Pauline Dujancourt's FW26 LFW collection sources strength from lightness. 

Because It's Show Time | Feb 24, 2026

At Pauline Dujancourt FW26, the medium is the message. Elaborate laces and knits prove a vision of both skill and delicacy, and a nod to the history and tradition that inspire her. 

By Amelia McGarvey

Walking on eggshells is usually reserved for situations ripe with fear and nervousness. Yet an audience of London Fashion week goers took them in their stride into an extremely confident Pauline Dujancourt sophomore runway collection this weekend, dispelling any notion of nerves.
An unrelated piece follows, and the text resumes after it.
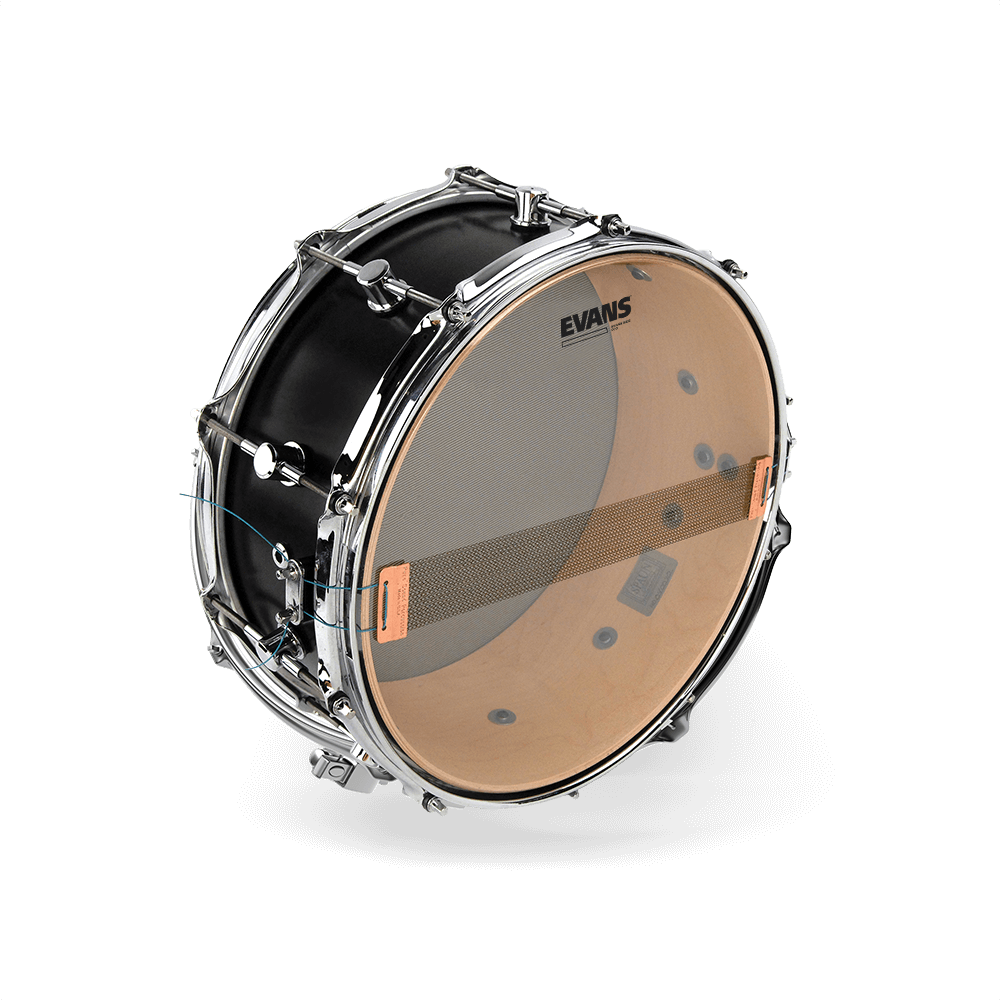 d-addario-evans-snare-side-500-resonanzfell-klar image 3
And while our feet were firmly on terra firma, her fall/winter 2026 collection was yet again inspired by flight. A recurring motif for Pauline, her delicate knits and crochets frothed at the models’ hips and necks like clusters of feathers on a mid-flight bird. 

 

Pauline is well known for a sense of movement in her clothes, apparent in each fabric – low slung silks and bouncy pleated chiffons – imbuing every look with a magical lightness. Her signature  approach to construction takes on different themes, and for FW26, Pauline directs us in her show notes to her primary reference: the persecution of witches. In the early modern period, some 50,000 ‘witches’ were accused and executed across Europe and in the English colonies in America. It’s easy now to look back and see them as women whose prosecution is the simply the apogee of historical misogyny and religious paranoia – but how often do we see them as simply normal people? For Pauline, her research into the witch trials revealed to her the inherent witchiness in her medium. Would her community of designers and craftswomen, poring over their elaborate knits and laces, be persecuted in another time or place?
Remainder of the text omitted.